Three broad categories of genes comprised our final panel (panel a), namely CTAG expression, Wnt signalling protein aberrancy and serine/threonine protein phosphatase deregulation. CTAGs are united by their role in embryonic development and restriction of expression to male germ cells. Ectopic re-expression of these antigens has been seen in a variety of somatic solid tumours and in triple-negative breast cancers, high expression is correlated with worse survival in multivariate analysis (HR 2.02, 95% confidence interval 1.27–3.20; p = 0.003) [25]. Ectopic gene signatures of normally silenced CTAG genes that are expressed in cancer associated with a highly aggressive lung cancer phenotype and independently predicted poor outcome [26]. We identified 16 CTAGs (27%) in our RFE set (S3) as being highly discriminatory for survivorship in this distinct cohort of NSCLC patients (SPATA19, SPACA3, TSGA10, TSPY3, LUZP4, TCEA2, CTNNA2, MAGEB2, SPO11, MAGEB4, MAEL, CSAG1, MAGEB5, COX6B2, GAGE2 and TSSK6). This CTAG only model displayed high predictive power in the validation cohort (AUC 0.875, sensitivity 84.2%) and was a significant independent predictor of poor outcomes. Clonal and subclonal CTAG expansion is generally uniform in tumour cells with variations in behaviour tightly regulated by epigenetic alterations [27].
Aberrant activation of the Wnt/β-catenin signalling pathway is causally linked to cancer recurrence, immune evasion and metastasis. A number of the identified tumour-associated antigens are known to signal via this cascade, HMGN5, TFG, MAEL, SOX15 and Dicckopf-1, the latter of which has been investigated in numerous other biomarker signatures [28–30] and like TFG interacts via the Wnt co-receptor LRP6 [31]. Proteins such as MAEL and PTK7 both signal via this cascade and the expression was significantly associated with poor outcomes in our cohort.
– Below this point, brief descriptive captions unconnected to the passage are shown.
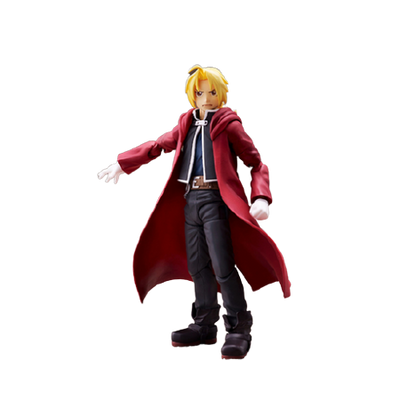 Hagane no Renkinjutsushi Fullmetal Alchemist - Edward Elric - BUZZmod. - 1/12 (Aniplex)ㅤ – Aniplex – ActionFigureBrasil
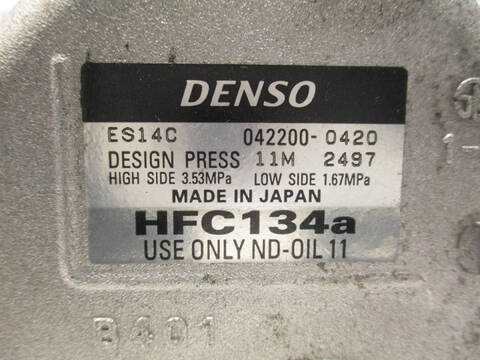 Foto 3ª: Compresor Aire Acondicionado Toyota Prius 2ZR (2011)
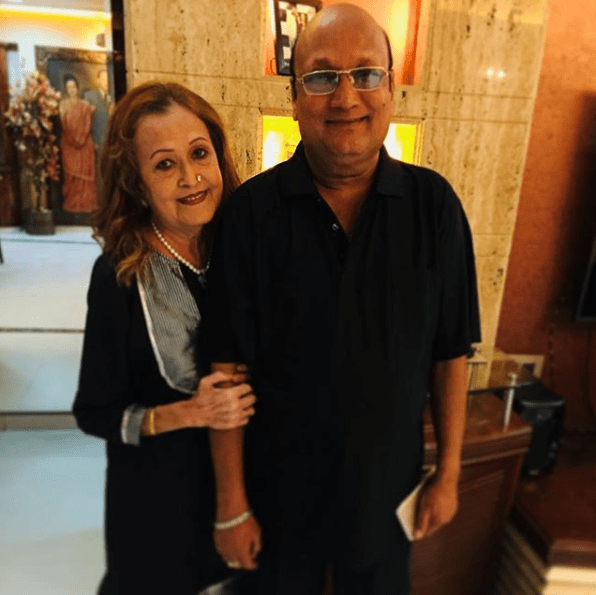 Ridhima Pandit father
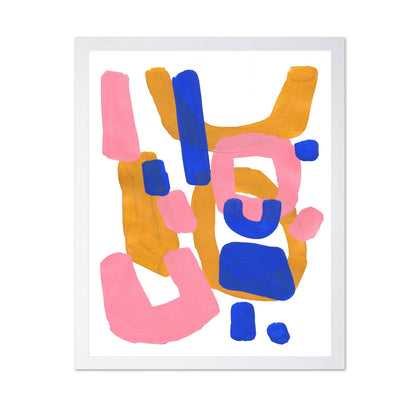Bold Color Blocks No3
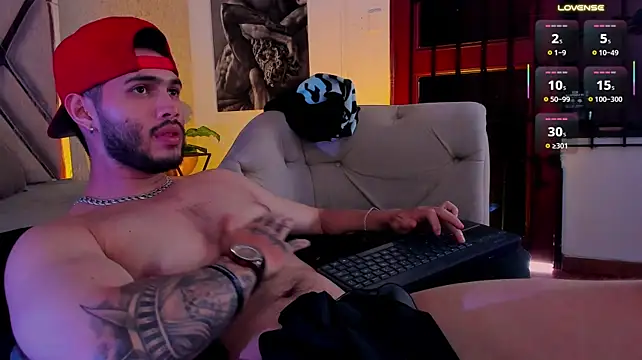 Czat XXX na żywo – Vincentblack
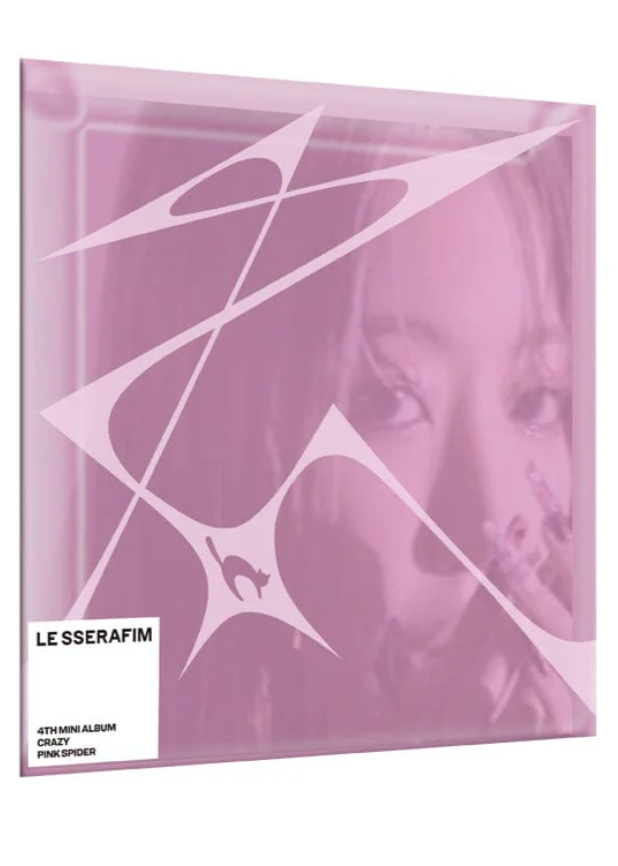 LE SSERAFIM - 4th Mini Album 'CRAZY' (COMPACT ver.)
MAEL, also a CTAG, has been shown to be critical for cancer cell survival and is over-expressed in the bladder and gastric cancers [32]. Functional experiments have determined that MAEL protein exerts its oncogenic dominance through degradation of the protein phosphatase ILKAP [33, 34]. Mutating or silencing of phosphatase activity is a well-known tumour escape mechanism [35, 36] and is the third core component of our identified biomarker panel. MAEL provides a unique link between all three biological pathways. These molecules provide unique therapeutic targets as demonstrated by an antibody–drug conjugate against the Wnt signalling PTK7 tyrosine kinase molecule, which elicited potent anti-tumour activity in low-passage patient-derived solid tumour xenograft models [37]. In solid tumours like NSCLC, high PTK7 expression confers significantly reduced overall survival [37]. Targeting this molecule in phase I trials have just completed accrual [NCT02222922]. Multiple other agents targeting the Wnt signalling axis that have entered or completed phase I clinical trials and include Vantictumab, a monoclonal antibody against the Fzd receptor (NCT01345201, NCT02005315, NCT01957007 and NCT01973309), decoy receptors such as OMP-54F28 (NCT02069145, NCT02092363, NCT02050178 and NCT01608867) and porcupine enzyme inhibitors (NCT01351103 and NCT02521844) [28, 38].
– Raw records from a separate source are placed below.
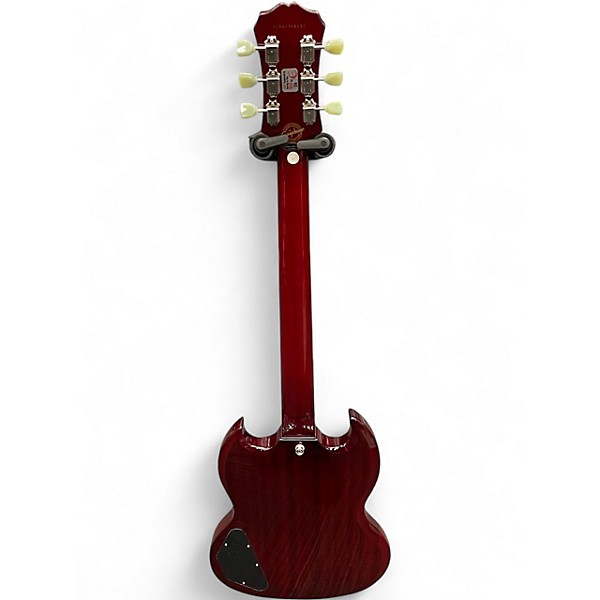 Used Epiphone SG Pro Cherry Solid Body Electric Guitar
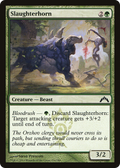 MTG - Slaughterhorn - Gatecrash (GTC)
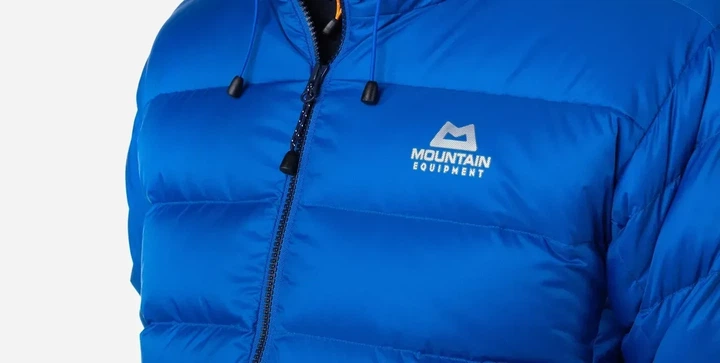 Куртка Mountain Equipment Senja Jacket (Lapis blue S) мужская пуховая утеплитель 220 г пуха (ME-004915.01513.S) - изображение 5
Cellular responses to DNA damage are integral to maintaining the genome and preventing cancer progression; serine–threonine phosphatases like protein phosphatase 2 play a key role in the DNA damage response through the regulation of important cell cycle proteins and tumour suppressor genes such as ATM, Chk1, Chk2, p53 and BRCA1 [36]. Cancer cells tend to evade the activation of DNA repair pathways through copy number alterations of Ser/Thr phosphatases, missense mutations and increased mutant gene expression. Identifying aberrancy of these important proteins and utilising early antigen expression is key to disease surveillance and therapeutics. Following the exploitation of BCR/ABL kinase inhibition in chronic myeloid leukaemia, efforts have been made to explore PP2A phosphatase reactivation/inhibition in anti-tumour therapy. PPP2R1A dysregulation was individually a significant independent predictor of poor survival in both cohorts; belonging to the PP2A enzyme family, these complexes exert control over oncogenic signalling pathways (MEK/ERK and Srk-Jnk) and over collateral resistance phosphorylation pathways. Their inhibition in a KRAS-mutant human lung cancer cell line resulted in improved responses with MEK inhibitors [39]. Mutations of PPP2R1A significantly enhance cancer cell migration in endometrial and ovarian carcinomas [40], whereas allosteric activation of this wild-type complex induces cell cycle arrest with broad anti-tumour activity [35]. Notably, over-expression and mutation of the target antigen are two of the classical mechanisms for AAb production, with CD4+ T-helper cells specific to mutated neoepitopes being able to drive the expansion of a set of antigen-specific B cells, resulting in the secretion of polyclonal AAbs that are able to recognise both mutated and wild-type forms of the antigen [41]. Thus, our observation that anti-PPP2R1A AAbs are independent predictors of poor survival is consistent with the known aberrant function of PPP2R1A in oncogenesis, albeit our data does not allow us to yet distinguish between the two possible molecular origins of the AAbs. Current phase 2 trials in recurrent glioblastoma (NCT03027388) are investigating the role of PP2A inhibitor, LB100.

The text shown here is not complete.